I first learned about artist Ficre Ghebreyesus after he died at the too young age of 50. His wife, poet, Elizabeth Alexander penned a memoir called Light of the World and painted such a picture of her husband that I needed to see more of his art. I’ve written about Alexander’s memoir and there’s a painting on the cover of a boat (a recurring theme) painted in jazzy blue and coral stripes. The colors and the composition depict stillness coupled with an energy and movement that compelled me to search for more. Google did not lead me astray. The images it pulled up were vibrant, some like a veritable patchwork that might have seemed too busy in any other hands, but in his, it all just worked. In the way that some art moves us and we can’t quite reason the whole why, his art spoke to me of joy and peace.
One afternoon, I happened upon the Museum of the African Diaspora in San Francisco and couldn’t believe my eyes: Ficre Ghebreyesus had an exhibit! And it was in its final week, closing the weekend upcoming! I made a date and we walked the compact, well-appointed galleries the following Saturday for the first time, listening to a docent talk through his work.
The piece for which the entire exhibit was named, “City with a River Running Through” is actually four pieces and all told measures over 18 feet long. Can you imagine what it must be like to envision the still unpainted entirety, while working on each section? Unlike some artists who do pre-sketches or small paintings as a way to work out composition and color ideas, he went in wholly invested in the final outcome only he could see. I lingered in front of the painting for a few minutes, walking up to different sections wanting to see the detail work of his brush and get a sense for how he might have thought the green swatch needed to go next to the coral one with wavy lines on it. The painting is enormous and it hung well on the wall, me grateful that there was a space that we could see such a large painting displayed.

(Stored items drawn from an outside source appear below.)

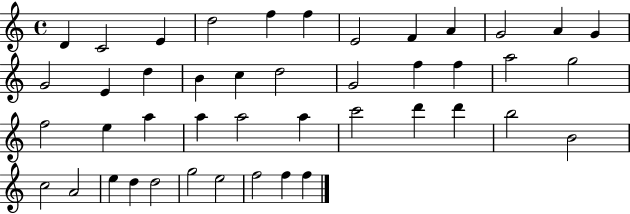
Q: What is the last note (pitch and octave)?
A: F5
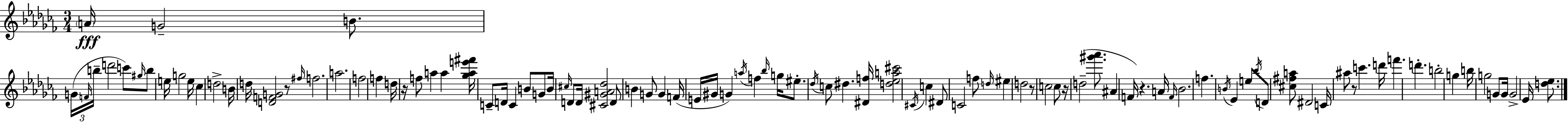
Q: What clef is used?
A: treble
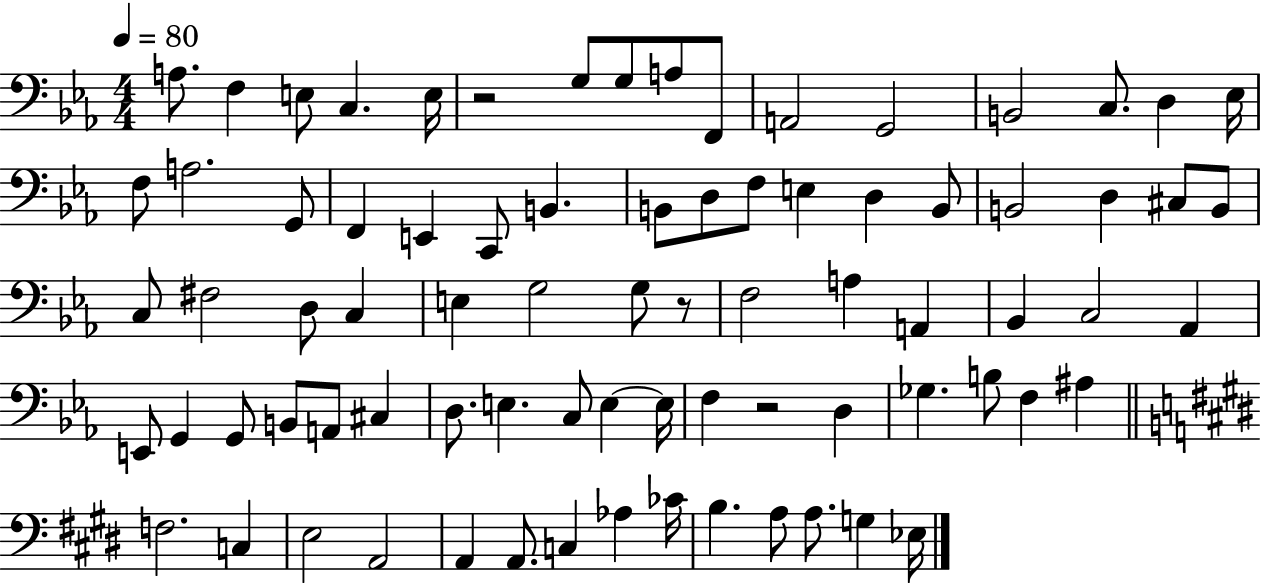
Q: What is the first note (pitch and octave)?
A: A3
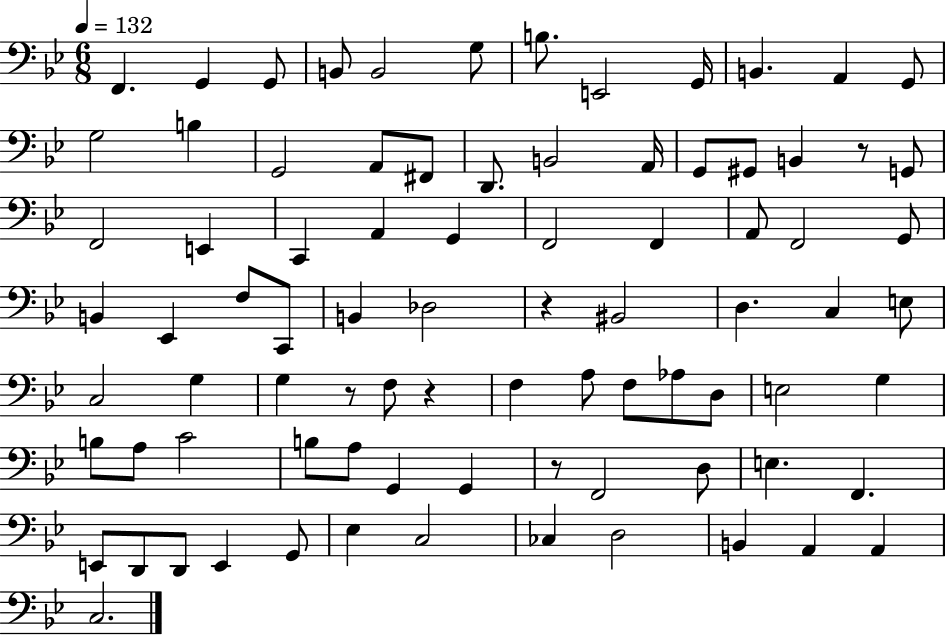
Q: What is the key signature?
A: BES major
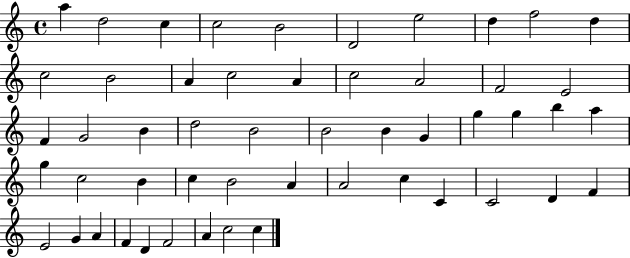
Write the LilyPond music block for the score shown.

{
  \clef treble
  \time 4/4
  \defaultTimeSignature
  \key c \major
  a''4 d''2 c''4 | c''2 b'2 | d'2 e''2 | d''4 f''2 d''4 | \break c''2 b'2 | a'4 c''2 a'4 | c''2 a'2 | f'2 e'2 | \break f'4 g'2 b'4 | d''2 b'2 | b'2 b'4 g'4 | g''4 g''4 b''4 a''4 | \break g''4 c''2 b'4 | c''4 b'2 a'4 | a'2 c''4 c'4 | c'2 d'4 f'4 | \break e'2 g'4 a'4 | f'4 d'4 f'2 | a'4 c''2 c''4 | \bar "|."
}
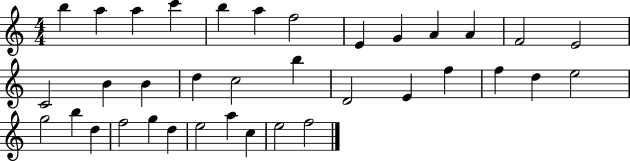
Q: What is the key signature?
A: C major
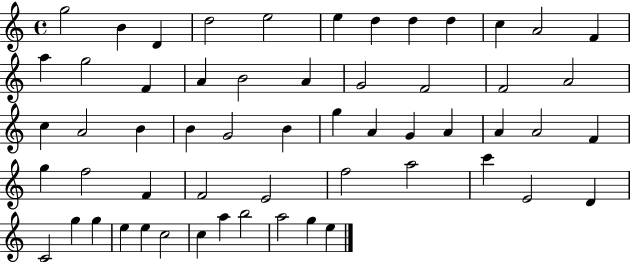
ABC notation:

It reminded me of why I like museums, that sense of discovery and seeing the world in a different perspective that can shift our own. It also emboldens me to think how artists work in private and sometimes get to see acclaim while they’re alive, but also how their work lives on after they do, even if in back rooms and how it takes someone who believes in their work to put it out into the world and how that work can sometimes bring a needed light into the world, even after the creator’s light is extinguished.
Through this exhibit and its curated pieces of work, I saw a broader scope than what the online search had afforded. He painted scenes from his home country of Eritrea like a painting called Paradise influenced by the Adam and Eve garden of paradise, but this time offset with bottle trees reminiscent of Eritrea.
In several of the paintings, boats cropped up, both placid and yet symbols of movement. One painting that became a new favorite involved a boat on water that’s green then blue, the boat itself striped in greens and swatches of periwinkle and pale purple. Underneath the central boat there is another boat that looks like a shadow. I could stand in front of this painting for hours and find new insights it provides. The tranquil colors kept me transfixed as the subject kept me wondering, if I climbed into that boat where would I go? Or, how sometimes, when difficulties arise, wouldn’t we want a boat to just sit in or go to another part of our lives, rowing out past the difficulty. And, right now, the thing I wonder as I look again at the boat is if there is a shadow self who wants something else from life hovering underneath what everyone else can see, and yet also supported by an unseen hand that holds those dreams and hopes intact.
When Ghebreyesus was alive, he and his brother owned a cafe in New Haven, Connecticut—I remember that from reading Alexander’s account. He came to painting later in life, studying and making art until the end.
“I started painting ten years ago, but I suspect I have been metaphorically doing so all my life. When I started painting, I just did it. I had never felt a stronger urge. The pieces that flowed out of me were very painful and direct. They had to do with the suffering, persecution, and subsequent psychological dilemmas I endured before and after becoming a young refugee from the Independence War in my natal home of Eritrea, East Africa. Painting was the miracle, the final act of defiance through which I exorcised the pain and reclaimed my sense of place, my moral compass, and my love for life.”– Ficre Ghebreyesus
Even though he died of a heart attack at 50, what a prolific body of work he left behind! And, what does it say about doing the work you know you must do with urgency?
It makes me question where next he would have gone artistically if he was still alive today—what motifs would continue showing up in his work. Would he have gone through a blue period or started a new school of thought or methodology? Might this refugee offer refuge to others? Would his connecting to where he was from and where he lived today and the latent struggles of being an immigrant in today’s United States have resonated with others disillusioned by the current state of affairs. I like to think he would have continued offering joy by way of brushstroke, layering colors that at first glance don’t seem to have anything to do with one another, but when the final detail is filled in, culminates in a canvas that thrums with life.